28.3.1 Newton’s Law of Universal Gravitation

Every mass attracts every other mass with a force:

\[F = \frac{GMm}{r^2}\]

where: - \(F\) = gravitational force (N) - \(G = 6.67 \times 10^{-11}\ \text{N·m}^2/\text{kg}^2\) (gravitational constant) - \(M, m\) = masses (kg) - \(r\) = separation between centres of mass (m)

Key Features

Gravity is always attractive
Force acts along the line joining the centres
Force follows the inverse square law

28.3.2 Interactive: Gravitational Force

Explore how gravitational force varies with distance:

28.3.3 Gravitational Field Strength

Gravitational field strength (\(g\)) is the force per unit mass at a point:

\[g = \frac{F}{m} = \frac{GM}{r^2}\]

At Earth’s surface (\(r = R_E = 6.37 \times 10^6\ \text{m}\)): \[g = 9.8\ \text{m/s}^2\]

Field Strength vs Altitude

As altitude increases, \(r\) increases and \(g\) decreases. At twice the Earth’s radius, \(g\) is reduced to one-quarter.

28.3.4 Interactive: Gravitational Field

28.3.5 Orbital Motion

For a circular orbit, gravitational force provides the centripetal force:

\[\frac{GMm}{r^2} = \frac{mv^2}{r}\]

This gives orbital speed: \[v = \sqrt{\frac{GM}{r}}\]

Key Insight

Orbital speed depends only on the central mass \(M\) and orbital radius \(r\)—not on the orbiting mass \(m\).

28.3.6 Orbital Period

Using \(v = 2\pi r/T\):

\[T = 2\pi\sqrt{\frac{r^3}{GM}}\]

This leads to Kepler’s Third Law: \[\frac{r^3}{T^2} = \frac{GM}{4\pi^2}\]

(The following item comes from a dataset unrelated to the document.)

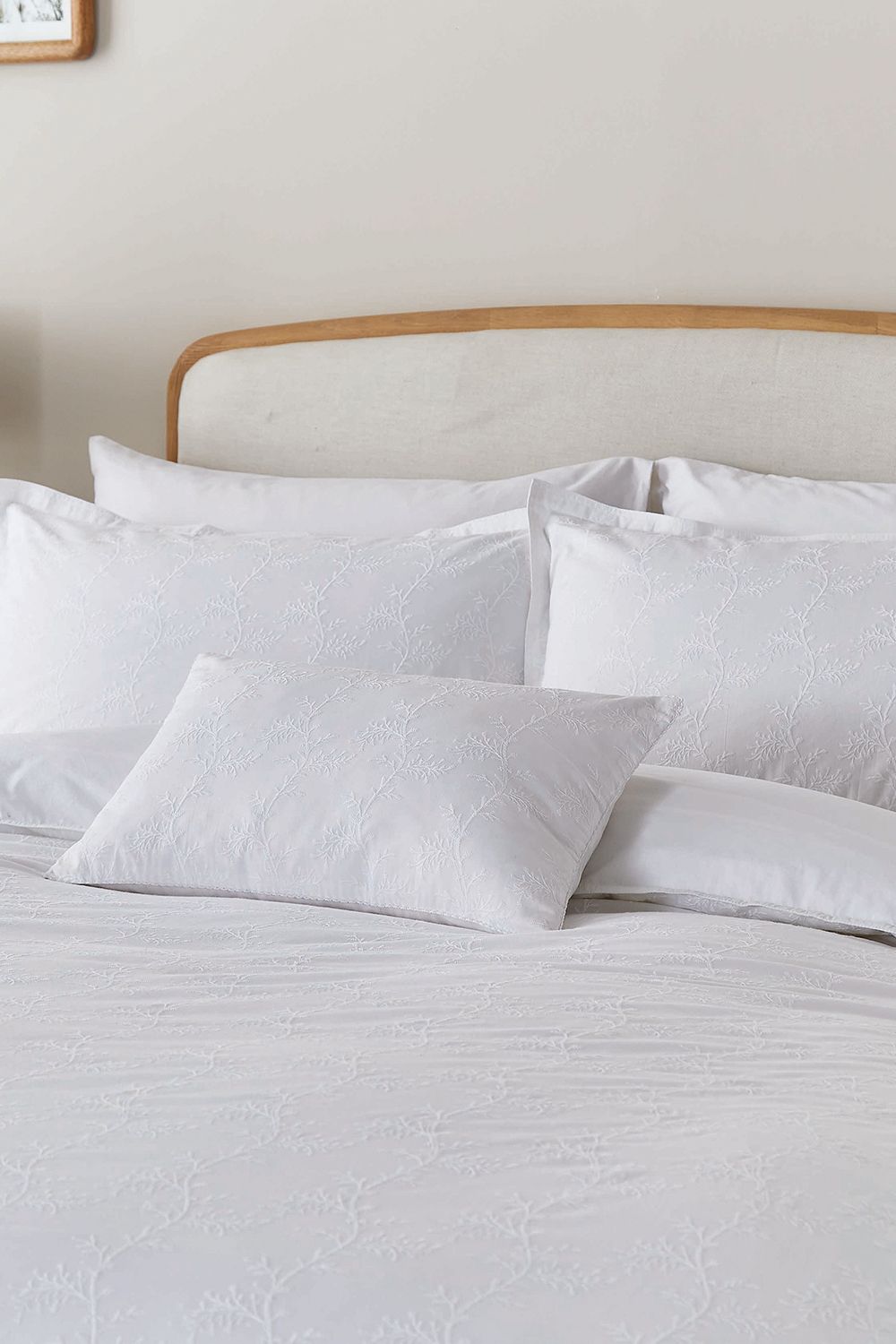 Murmur 'Bea' Cotton Embroidered Duvet Cover Set in White 2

28.3.7 Interactive: Orbital Mechanics

28.3.8 Geostationary Orbits

A geostationary satellite: - Has period \(T = 24\ \text{hours} = 86400\ \text{s}\) - Orbits above the equator - Moves in the same direction as Earth’s rotation - Appears stationary from Earth’s surface

Geostationary radius: \(r \approx 4.2 \times 10^7\ \text{m}\) (about 36,000 km altitude)

28.3.9 Kepler’s Laws

First Law: Planets move in elliptical orbits with the Sun at one focus.

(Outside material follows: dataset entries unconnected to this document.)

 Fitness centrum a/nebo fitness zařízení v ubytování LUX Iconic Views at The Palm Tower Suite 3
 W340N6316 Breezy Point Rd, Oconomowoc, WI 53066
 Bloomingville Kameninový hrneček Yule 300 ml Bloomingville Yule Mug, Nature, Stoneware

Second Law: A line from planet to Sun sweeps equal areas in equal times.

Third Law: \(r^3/T^2 = \text{constant}\) for all objects orbiting the same central mass.

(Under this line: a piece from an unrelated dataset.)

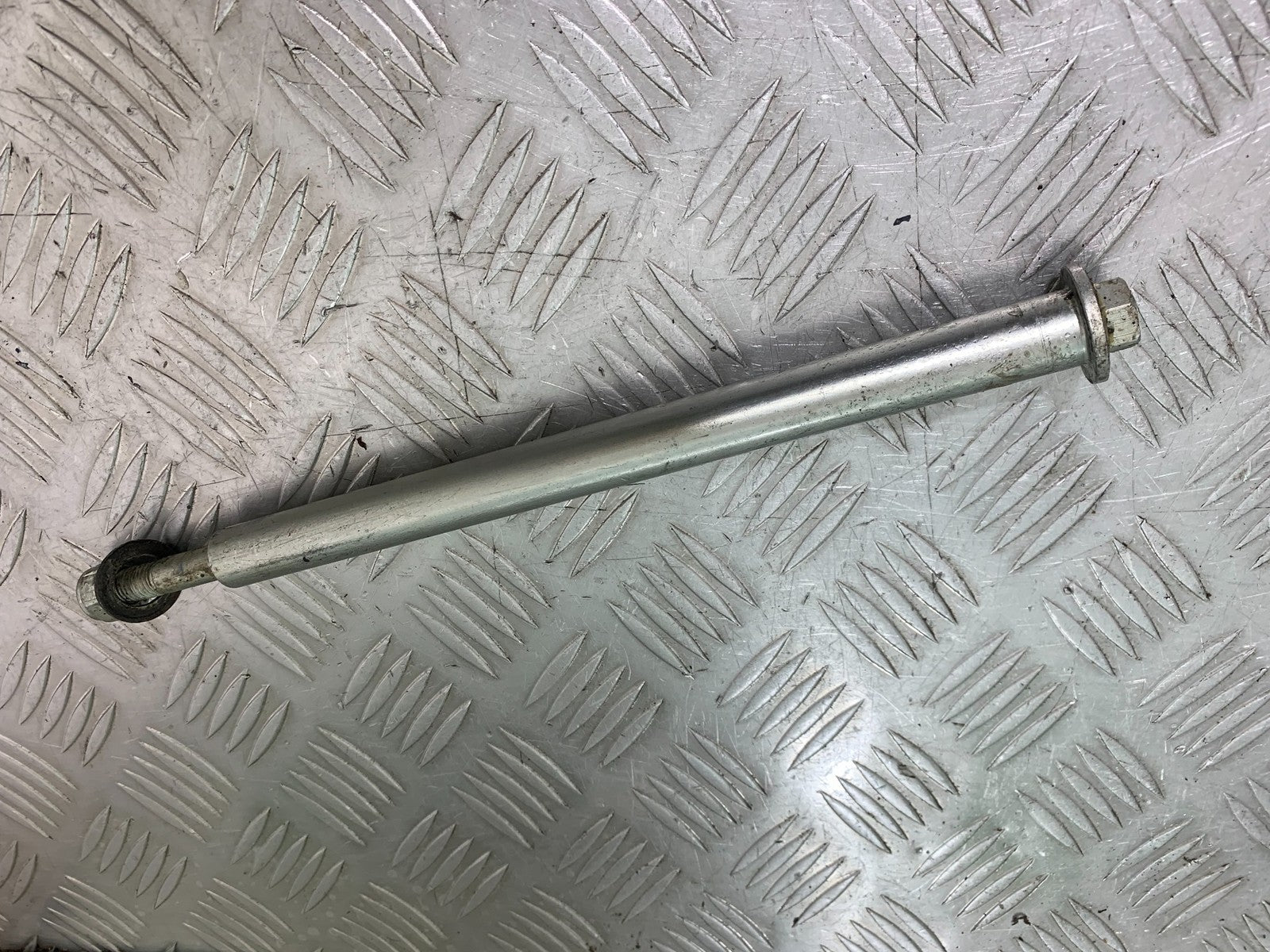 ROYAL ENFIELD HIMALAYAN 411 SWINGARM SPINDLE  YEAR 2018-2023 (CMB1279)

28.3.10 Gravitational Potential Energy

In a gravitational field:

\[U = -\frac{GMm}{r}\]

Negative Energy

Gravitational potential energy is negative because: - Zero reference is at infinite separation - Energy is released when objects fall together - Work must be done to separate them

28.3.11 Escape Velocity

The minimum speed needed to escape a gravitational field (reach infinity with zero speed):

\[v_{esc} = \sqrt{\frac{2GM}{r}}\]

At Earth’s surface: \(v_{esc} = 11.2\ \text{km/s}\)

28.3.12 Total Energy in Orbit

For a circular orbit:

Kinetic energy: \(K = \frac{1}{2}mv^2 = \frac{GMm}{2r}\)

Total energy: \(E = K + U = -\frac{GMm}{2r}\)

Bound Orbits

Total energy is negative for bound orbits. The satellite cannot escape unless energy is added.

28.3.13 Interactive: Energy in Orbits

28.4 Worked Examples

28.4.1 Example 1: Gravitational force

A \(1000\ \text{kg}\) satellite is at altitude \(300\ \text{km}\) above Earth. Find the gravitational force. (Use \(GM = 3.986 \times 10^{14}\ \text{m}^3/\text{s}^2\), \(R_E = 6.37 \times 10^6\ \text{m}\))

Solution:

Orbital radius: \(r = R_E + h = 6.37 \times 10^6 + 0.30 \times 10^6 = 6.67 \times 10^6\ \text{m}\)
\(F = \frac{GMm}{r^2} = \frac{3.986 \times 10^{14} \times 1000}{(6.67 \times 10^6)^2}\)
\(F = \frac{3.986 \times 10^{17}}{4.45 \times 10^{13}} = 8.96 \times 10^3\ \text{N}\) (about 9.0 kN)

28.4.2 Example 2: Gravitational field strength

Find \(g\) at an altitude of \(600\ \text{km}\).

Solution:

\(r = 6.37 \times 10^6 + 0.60 \times 10^6 = 6.97 \times 10^6\ \text{m}\)
\(g = \frac{GM}{r^2} = \frac{3.986 \times 10^{14}}{(6.97 \times 10^6)^2}\)
\(g = \frac{3.986 \times 10^{14}}{4.86 \times 10^{13}} = 8.2\ \text{m/s}^2\)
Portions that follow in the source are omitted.